It’s not every day that a royal becomes a commoner. But Buckingham Palace announced on Thursday that Andrew, formerly known as Prince Andrew, would now be an ordinary citizen known as Andrew Mountbatten Windsor. He will also lose his taxpayer-funded digs at the Royal Lodge and move to a private home. The palace’s press release added that Windsor “continues to deny the allegations against him.”
The allegations in question have to do with Windsor’s ties to two different foreigners: American pedophile Jeffrey Epstein, who died in 2019, and Chinese businessman Yang Tengbo, whom the British government accuses of espionage. After Windsor was accused of participating in Epstein’s sexual abuses and gave an interview that made things look even worse for him, the prince reportedly turned toward Yang for a potential fresh start in China.
However, the British government banned Yang from Britain in 2023 on the grounds that he committed “covert and deceptive activity” on behalf of the Chinese government. Yang, who denies those allegations, sued the British government and lost in 2024, leading to a series of revelations about Windsor’s Chinese outreach.

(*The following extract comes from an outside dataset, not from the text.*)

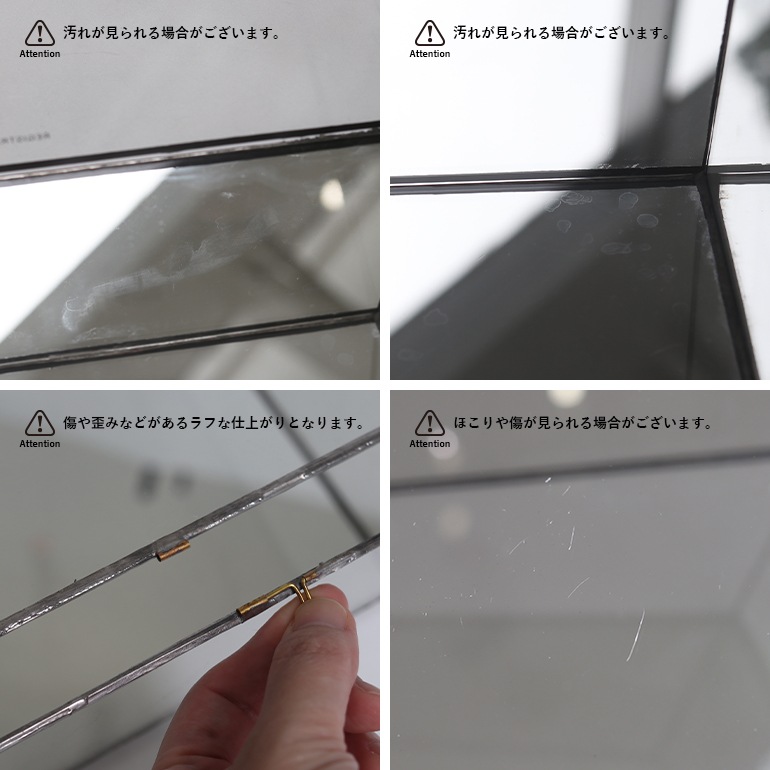 PUEBCO プエブコ｜STAINED GLASS DISPLAY CASE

Reporting by Reason revealed that Windsor had been in contact with Epstein much later than he admitted, and that he had been trying to work with Beijing on sensitive matters earlier than believed. In leaked emails, Epstein told one of his business partners that Windsor had told him about an idea to start a “personel [sic] protection co in beijing” in 2015.
Those emails made it to the front page of the Sunday Times, the British newspaper of record, which noted that Windsor had claimed to cut off contact with Epstein in 2010. The Times independently verified many details from the emails. Another newspaper, The Express, called the story the “nail in the coffin” for Windsor’s attempts to stay in the palace.

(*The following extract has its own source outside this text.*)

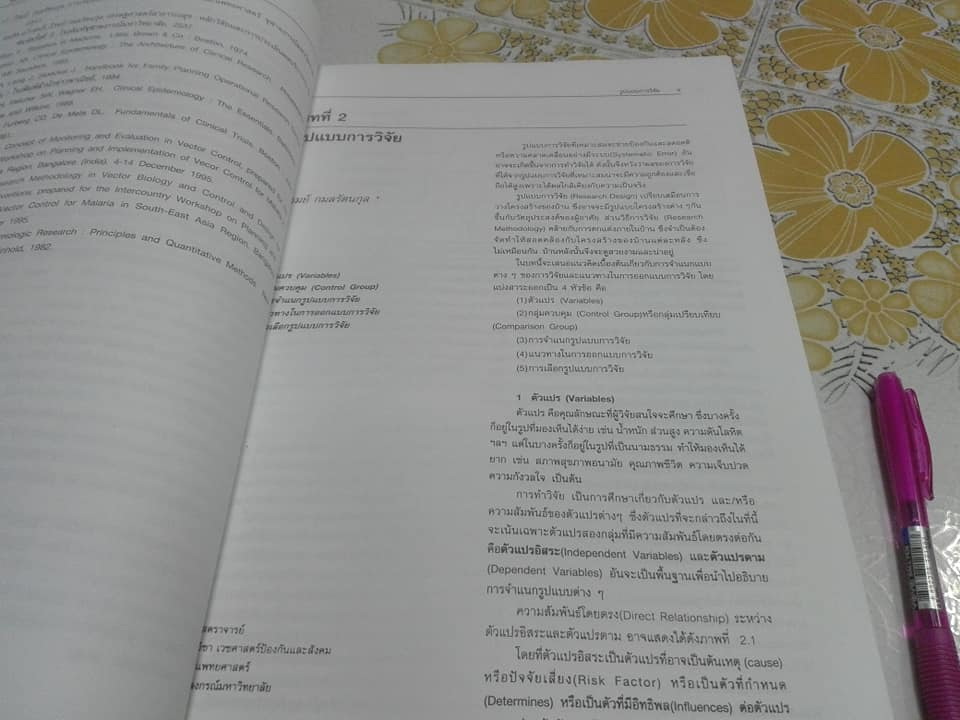 หลักการทำวิจัยให้สำเร็จ - ศูนย์วิทยาการวิจัยแพทย์ศาสตร์ คณะแพทยศาสตร์ จุฬาลงกรณ์มหาวิทยาลัย โดยภิรมย์ กมลรัตนกุล, มนต์ขัย ชาลาประวรรตน์ และทวีสิน ตันประยูร **สินค้าหมด**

Yet that wouldn’t be the last compromising story to come out about the former prince. The Telegraph revealed that Windsor had met three times in 2018 and 2019 with Cai Qi, a Chinese official accused of running a spy ring in Britain. Two different newspapers obtained an email from Windsor to Epstein in 2011 stating that “we are in this together” and “we’ll play some more soon!!!!”
The BBC reported that Windsor had hosted Epstein at a party in the Royal Lodge in 2006, two months after Florida authorities issued a warrant for Epstein’s arrest. Windsor’s other guests included Epstein accomplice Ghislaine Maxwell and Harvey Weinstein, an American movie producer convicted of sexual assault in a separate scandal that kicked off the #MeToo movement.
The woman who accused Windsor of sex abuse, Virginia Giuffre, died in April 2025. But her memoir, which includes many graphic details about her encounter with Windsor, was published posthumously this month.
The series of leaks and revelations turned into a major headache for King Charles III. Two weeks ago, Windsor announced that Andrew was giving up some of his titles after a “discussion with the king,” although he would remain Prince Andrew. On Monday, a heckler confronted King Charles about the royal family’s “cover up.” A few days later, the king began a “formal process” to remove the prince.
“This normal girl from a normal family has taken down a prince. We are so proud of her,” Giuffre’s brother, Sky Roberts, told the BBC. “The U.S. government hold the key to the larger scope of the Jeffrey Epstein case. The U.K. is setting an example for what the US should be doing right now,” he added.